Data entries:
⁂

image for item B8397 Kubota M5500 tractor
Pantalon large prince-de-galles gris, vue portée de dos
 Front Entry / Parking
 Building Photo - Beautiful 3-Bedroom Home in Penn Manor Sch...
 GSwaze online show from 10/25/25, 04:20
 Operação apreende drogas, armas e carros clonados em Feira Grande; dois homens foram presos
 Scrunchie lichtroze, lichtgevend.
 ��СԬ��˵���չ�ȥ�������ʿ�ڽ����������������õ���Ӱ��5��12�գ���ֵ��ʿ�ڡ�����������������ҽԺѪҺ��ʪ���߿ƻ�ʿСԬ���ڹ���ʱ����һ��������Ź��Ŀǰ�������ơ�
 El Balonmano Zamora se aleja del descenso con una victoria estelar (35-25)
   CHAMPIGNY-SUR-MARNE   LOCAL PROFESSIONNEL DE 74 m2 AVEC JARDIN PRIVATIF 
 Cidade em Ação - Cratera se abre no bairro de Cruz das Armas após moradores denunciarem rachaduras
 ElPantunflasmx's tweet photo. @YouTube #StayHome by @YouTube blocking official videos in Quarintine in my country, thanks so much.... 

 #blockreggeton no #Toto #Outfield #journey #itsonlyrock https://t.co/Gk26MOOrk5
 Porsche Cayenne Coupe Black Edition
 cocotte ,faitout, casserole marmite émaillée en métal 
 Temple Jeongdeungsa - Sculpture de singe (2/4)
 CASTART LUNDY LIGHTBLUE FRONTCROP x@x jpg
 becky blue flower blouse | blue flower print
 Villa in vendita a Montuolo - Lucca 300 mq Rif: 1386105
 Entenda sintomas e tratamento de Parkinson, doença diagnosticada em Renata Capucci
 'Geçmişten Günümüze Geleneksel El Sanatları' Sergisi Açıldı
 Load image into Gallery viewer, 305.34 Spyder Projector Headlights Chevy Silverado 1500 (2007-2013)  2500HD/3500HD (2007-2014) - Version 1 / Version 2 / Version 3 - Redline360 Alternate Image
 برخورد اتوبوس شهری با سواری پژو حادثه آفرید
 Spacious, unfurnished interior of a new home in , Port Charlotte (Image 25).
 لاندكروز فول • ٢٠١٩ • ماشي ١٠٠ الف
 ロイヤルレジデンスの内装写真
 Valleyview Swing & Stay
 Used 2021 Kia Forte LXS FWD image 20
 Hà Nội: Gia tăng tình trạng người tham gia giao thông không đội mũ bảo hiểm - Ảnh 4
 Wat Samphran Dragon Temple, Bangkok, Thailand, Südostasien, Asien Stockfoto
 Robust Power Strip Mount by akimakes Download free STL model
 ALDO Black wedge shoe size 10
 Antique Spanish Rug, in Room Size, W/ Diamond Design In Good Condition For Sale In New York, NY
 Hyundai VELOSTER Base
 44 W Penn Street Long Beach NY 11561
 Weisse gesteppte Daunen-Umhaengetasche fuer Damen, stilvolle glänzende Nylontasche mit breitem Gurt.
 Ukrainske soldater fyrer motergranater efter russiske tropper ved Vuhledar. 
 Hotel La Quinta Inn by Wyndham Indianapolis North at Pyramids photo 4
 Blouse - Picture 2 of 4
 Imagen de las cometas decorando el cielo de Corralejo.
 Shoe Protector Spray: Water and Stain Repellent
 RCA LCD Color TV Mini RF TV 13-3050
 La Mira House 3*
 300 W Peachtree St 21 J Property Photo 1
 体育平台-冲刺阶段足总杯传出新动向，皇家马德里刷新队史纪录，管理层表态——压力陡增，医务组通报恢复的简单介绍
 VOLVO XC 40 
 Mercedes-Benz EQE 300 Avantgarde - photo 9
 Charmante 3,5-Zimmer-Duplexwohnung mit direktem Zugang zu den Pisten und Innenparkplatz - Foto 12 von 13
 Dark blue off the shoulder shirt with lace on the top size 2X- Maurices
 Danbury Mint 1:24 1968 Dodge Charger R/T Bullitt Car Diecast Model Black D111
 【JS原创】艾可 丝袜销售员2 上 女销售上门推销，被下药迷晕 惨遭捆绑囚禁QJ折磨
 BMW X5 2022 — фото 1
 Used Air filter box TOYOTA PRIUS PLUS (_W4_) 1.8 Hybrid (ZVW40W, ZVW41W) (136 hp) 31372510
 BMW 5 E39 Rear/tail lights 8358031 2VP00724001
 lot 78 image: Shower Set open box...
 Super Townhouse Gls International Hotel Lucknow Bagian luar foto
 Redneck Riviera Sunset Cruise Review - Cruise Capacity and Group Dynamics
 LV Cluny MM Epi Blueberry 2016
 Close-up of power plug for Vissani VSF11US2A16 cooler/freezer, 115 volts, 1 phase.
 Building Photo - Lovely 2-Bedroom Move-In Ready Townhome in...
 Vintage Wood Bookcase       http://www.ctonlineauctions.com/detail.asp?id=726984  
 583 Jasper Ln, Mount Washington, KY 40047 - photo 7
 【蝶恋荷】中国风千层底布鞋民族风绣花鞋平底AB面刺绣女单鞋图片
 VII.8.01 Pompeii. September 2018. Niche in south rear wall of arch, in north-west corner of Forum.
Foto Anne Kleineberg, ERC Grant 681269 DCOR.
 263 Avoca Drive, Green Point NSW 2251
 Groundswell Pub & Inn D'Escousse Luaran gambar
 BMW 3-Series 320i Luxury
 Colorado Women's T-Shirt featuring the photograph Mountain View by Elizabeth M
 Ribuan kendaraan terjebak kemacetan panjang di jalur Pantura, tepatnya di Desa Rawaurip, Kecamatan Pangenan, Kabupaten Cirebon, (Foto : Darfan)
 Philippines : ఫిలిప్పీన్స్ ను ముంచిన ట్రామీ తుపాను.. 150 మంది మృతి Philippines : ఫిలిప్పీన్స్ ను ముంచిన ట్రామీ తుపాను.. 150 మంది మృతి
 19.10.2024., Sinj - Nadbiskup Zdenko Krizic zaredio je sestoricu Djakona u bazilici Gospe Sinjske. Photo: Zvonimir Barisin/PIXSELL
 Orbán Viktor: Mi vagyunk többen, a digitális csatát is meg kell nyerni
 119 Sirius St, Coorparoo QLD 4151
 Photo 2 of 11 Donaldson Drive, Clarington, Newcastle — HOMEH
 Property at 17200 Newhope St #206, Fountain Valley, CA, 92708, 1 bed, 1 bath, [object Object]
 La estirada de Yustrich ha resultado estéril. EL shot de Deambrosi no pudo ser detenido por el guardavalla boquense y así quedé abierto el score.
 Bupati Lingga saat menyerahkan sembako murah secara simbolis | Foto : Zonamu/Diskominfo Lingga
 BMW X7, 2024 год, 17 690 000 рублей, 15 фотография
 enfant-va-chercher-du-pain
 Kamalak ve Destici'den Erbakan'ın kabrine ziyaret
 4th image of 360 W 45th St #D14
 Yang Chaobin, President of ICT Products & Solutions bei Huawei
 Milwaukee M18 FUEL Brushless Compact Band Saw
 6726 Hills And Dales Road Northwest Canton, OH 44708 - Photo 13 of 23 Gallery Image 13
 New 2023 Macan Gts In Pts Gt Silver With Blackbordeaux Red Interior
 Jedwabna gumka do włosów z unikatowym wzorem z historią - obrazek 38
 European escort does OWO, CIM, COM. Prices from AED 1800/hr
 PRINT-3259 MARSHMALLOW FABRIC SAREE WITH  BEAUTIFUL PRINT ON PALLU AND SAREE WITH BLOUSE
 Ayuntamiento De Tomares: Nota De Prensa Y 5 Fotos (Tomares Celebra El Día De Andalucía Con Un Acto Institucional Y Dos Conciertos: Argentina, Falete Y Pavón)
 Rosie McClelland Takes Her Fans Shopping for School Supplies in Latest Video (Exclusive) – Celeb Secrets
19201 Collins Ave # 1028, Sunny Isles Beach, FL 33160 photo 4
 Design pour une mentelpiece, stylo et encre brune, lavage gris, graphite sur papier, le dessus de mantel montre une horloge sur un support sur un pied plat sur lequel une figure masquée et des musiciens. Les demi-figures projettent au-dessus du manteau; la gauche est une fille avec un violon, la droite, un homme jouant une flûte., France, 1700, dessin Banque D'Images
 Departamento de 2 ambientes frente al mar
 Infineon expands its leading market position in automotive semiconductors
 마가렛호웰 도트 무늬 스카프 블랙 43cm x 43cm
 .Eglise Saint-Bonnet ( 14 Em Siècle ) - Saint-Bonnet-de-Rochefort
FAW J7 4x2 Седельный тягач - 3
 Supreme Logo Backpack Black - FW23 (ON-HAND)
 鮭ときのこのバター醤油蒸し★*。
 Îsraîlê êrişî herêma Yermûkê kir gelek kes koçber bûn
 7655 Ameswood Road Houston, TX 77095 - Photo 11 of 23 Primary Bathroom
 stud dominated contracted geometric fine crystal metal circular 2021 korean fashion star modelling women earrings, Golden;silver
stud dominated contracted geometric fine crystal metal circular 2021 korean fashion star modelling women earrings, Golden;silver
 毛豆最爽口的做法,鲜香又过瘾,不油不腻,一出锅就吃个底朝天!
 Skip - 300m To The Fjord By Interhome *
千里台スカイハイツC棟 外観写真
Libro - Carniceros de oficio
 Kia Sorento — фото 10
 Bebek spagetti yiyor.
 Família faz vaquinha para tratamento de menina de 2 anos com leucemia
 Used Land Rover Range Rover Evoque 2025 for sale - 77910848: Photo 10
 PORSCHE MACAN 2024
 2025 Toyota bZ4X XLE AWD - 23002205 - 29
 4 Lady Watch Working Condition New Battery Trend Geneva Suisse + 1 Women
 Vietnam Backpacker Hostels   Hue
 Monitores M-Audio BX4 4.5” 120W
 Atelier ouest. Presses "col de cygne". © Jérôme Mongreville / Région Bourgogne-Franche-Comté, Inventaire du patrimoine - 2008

⁂

◆ What is expected ◆
Would you quote, exactly and only, the lines from the one containing "2025 Toyota bZ4X XLE AWD - 23002205 - 29" to the end of the entries?

◆ Answer for this exercise ◆
 2025 Toyota bZ4X XLE AWD - 23002205 - 29
 4 Lady Watch Working Condition New Battery Trend Geneva Suisse + 1 Women
 Vietnam Backpacker Hostels   Hue
 Monitores M-Audio BX4 4.5” 120W
 Atelier ouest. Presses "col de cygne". © Jérôme Mongreville / Région Bourgogne-Franche-Comté, Inventaire du patrimoine - 2008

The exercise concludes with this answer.